Erstens, erlaube dir zu fühlen, was auch immer in dir aufkommt. Traurigkeit, Wut, Sehnsucht – all diese Gefühle sind Teil deiner Trauer und verdienen es, wahrgenommen zu werden. Es ist in Ordnung, nicht in Ordnung zu sein.

Zweitens, zünde eine Kerze an für die Person, die du vermisst. Dies kann ein ruhiger, meditativer Moment sein, in dem du dich deinen Erinnerungen und Gefühlen hingibst. Es symbolisiert, dass ihr Licht immer noch in deinem Leben leuchtet, auch wenn sie physisch nicht mehr bei dir sind.

Drittens, teile Geschichten und Erinnerungen. Vielleicht im Kreis der Familie oder mit Freunden, die auch von dem Verlust betroffen sind. Das gemeinsame Erinnern kann heilend wirken und euch näher zusammenbringen.

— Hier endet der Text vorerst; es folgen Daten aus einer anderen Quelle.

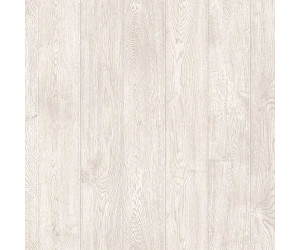 Линолеум Комитекс Парма Курган 783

Viertens, schaffe neue Traditionen. Dies könnte ein jährlicher Spaziergang an einem besonderen Ort sein, das Kochen eines Lieblingsgerichts der verstorbenen Person oder eine Spende an eine ihr am Herzen liegende Organisation. Neue Rituale können helfen, den Verlust in das Jetzt zu integrieren und gleichzeitig die Erinnerung zu ehren.

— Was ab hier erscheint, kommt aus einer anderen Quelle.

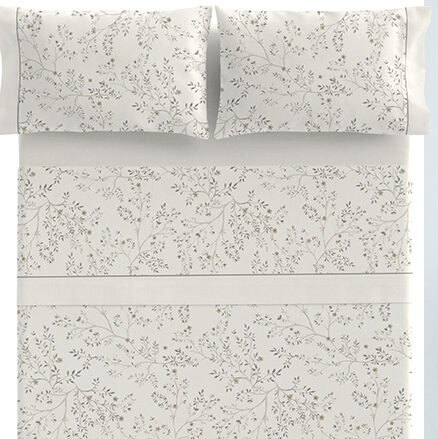 Artículos para tu bebé y hogar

Fünftens, nimm dir Zeit für dich. Vielleicht möchtest du diesen Tag in Stille verbringen, ein Tagebuch schreiben oder dich kreativ ausdrücken. Finde einen Weg, der dir hilft, durch deine Gefühle zu navigieren.

Und zuletzt, sei nachsichtig mit dir selbst. Es gibt keinen „richtigen“ Weg, diese Tage zu erleben. Was zählt, ist, dass du tust, was für dich am besten ist. Mögest du in diesen schwierigen Zeiten Trost finden und wissen, dass es in Ordnung ist, sowohl die Trauer als auch die Liebe, die du fühlst, anzunehmen.

Ich wünsche dir Kraft und Licht auf deinem Weg durch die Dunkelheit. Erinnere dich daran, dass du nicht allein bist und dass es Wege gibt, die Last ein wenig leichter zu machen.